L’uomo non è fitto è il titolo di un paragrafo del primo volume de Il principio speranza di Ernst Bloch, nel quale si discute, tra le altre cose, il significato utopico del marxiano sogno di una cosa e, più in generale, dei sogni ad occhi aperti. Bloch scrive a tal proposito:
«Che si possa veleggiare verso i sogni in questo modo, che i sogni a occhi aperti, spesso di tipo completamente scoperto, siano possibili, tutto ciò rende manifesto il grande posto che ha nell’uomo la vita ancora aperta, ancora incerta. […] Questo ribollire e mugghiare alla superficie della coscienza divenuta è il primo correlato della fantasia, all’inizio solo interiore, che si trova proprio nella fantasia stessa. Anche i sogni più sciocchi sono comunque esistenti come spuma da cui a volte è sorta una Venere. L’animale non conosce niente del genere; solo l’uomo, sebbene sia molto più desto, ribolle di utopia. La sua esistenza è per così dire meno fitta sebbene egli, paragonato alle piante e agli animali, esista molto più intensivamente».

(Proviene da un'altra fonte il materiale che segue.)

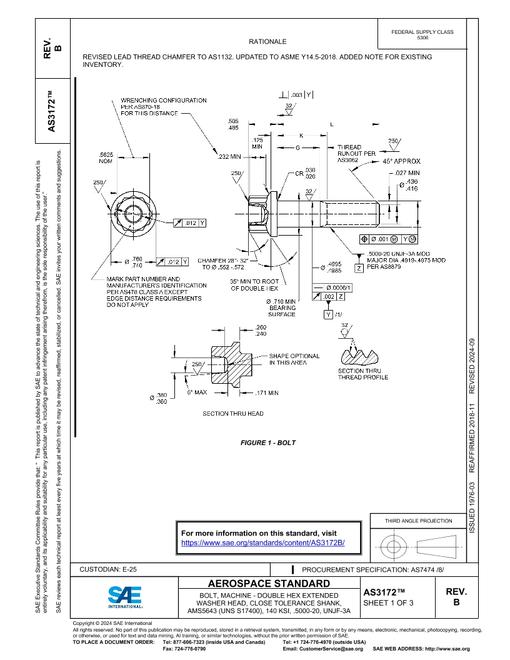 SAE AS3172B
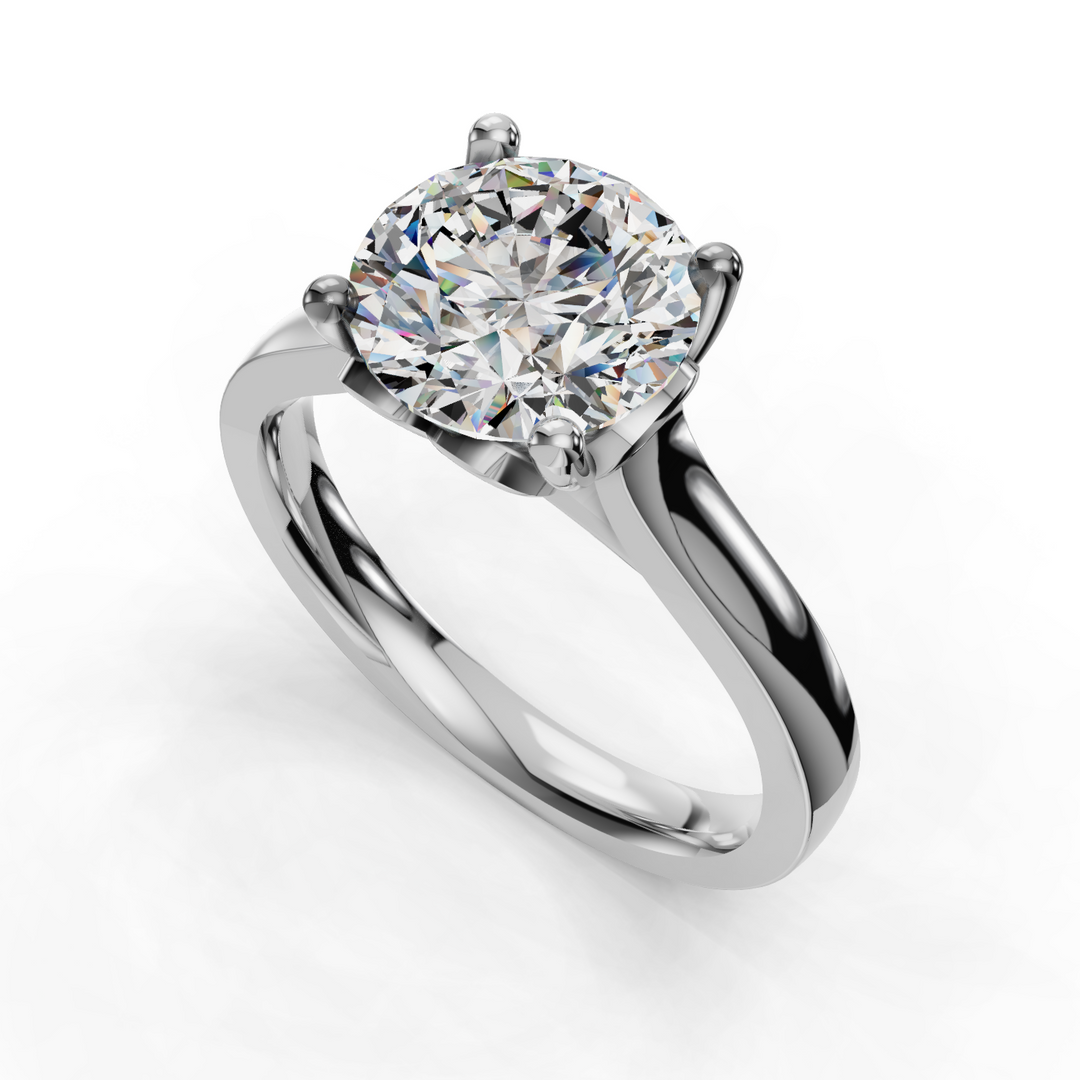 Engagement Ring ERSL0006-1.00RB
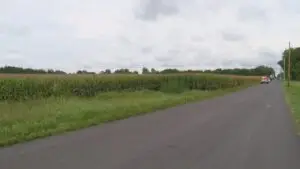 Accidente aéreo en Indiana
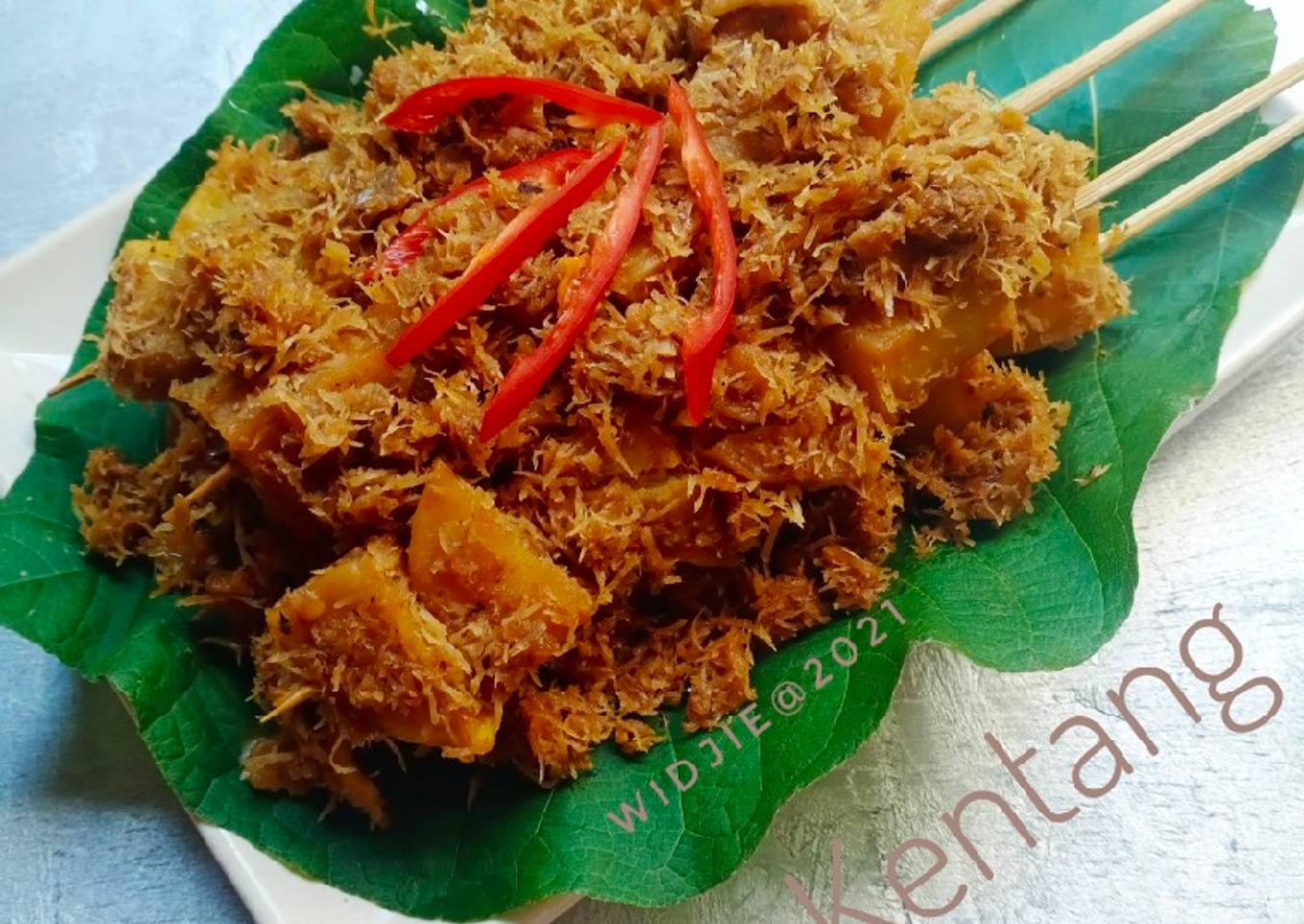 Sate Kentang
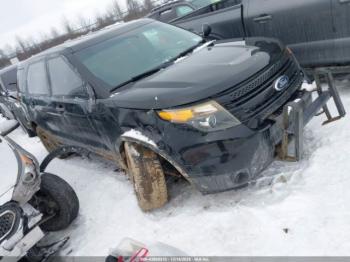  Salvage Ford Utility Police Intercepto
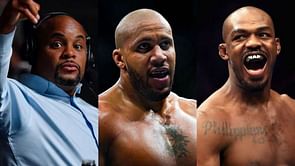 "Jon Jones is the guy" - Daniel Cormier believes his former foe will be Ciryl Gane's toughest test in the UFC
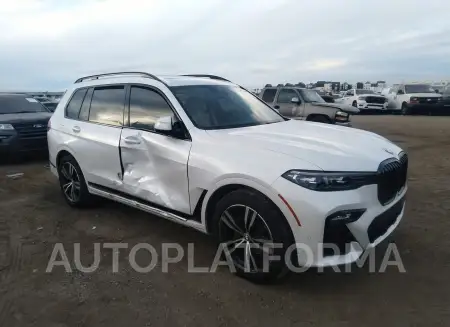 BMW X7 2022 2022 vin 5UXCW2C00N9K18248 from auto auction Iaai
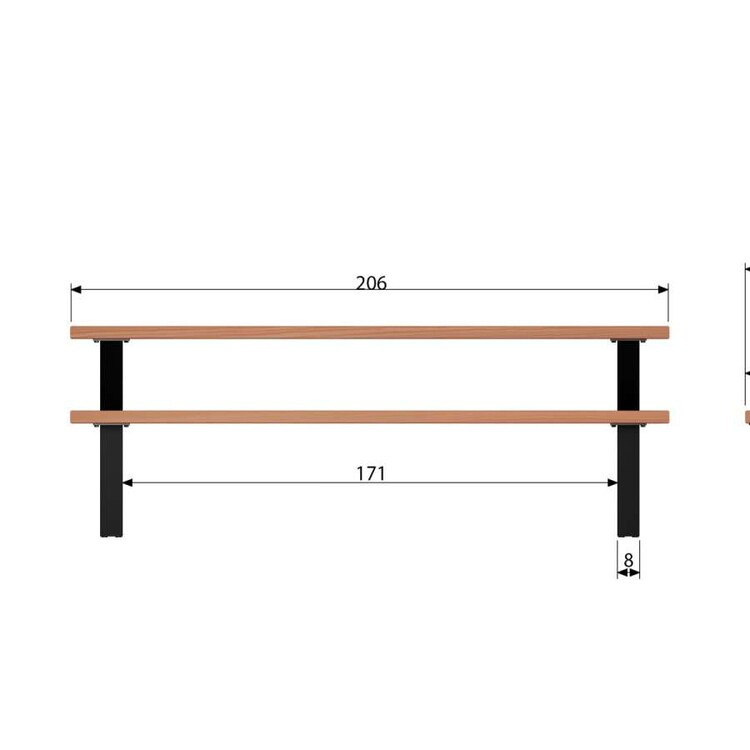 Tablo Outdoor Picknick Table from Accessories for the Home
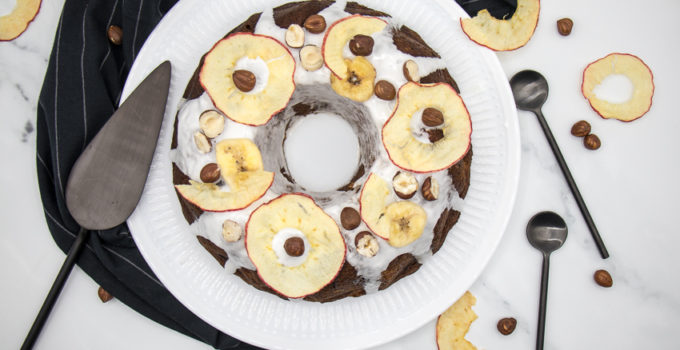 Banana bread pomme noisette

Nell’uomo qualcosa è rimasto cavo, un vuoto di possibilità ancora inespressa. Ma è la stessa vita ad essere altrettanto incompiuta: l’effettuale è processo, dove il divenuto non ha mai vinto completamente. La speranza e l’utopia hanno, dunque, un fondamento ontologico, nella vita e nella materia stessa, ben al di là del loro essere sentite ed esperite emotivamente.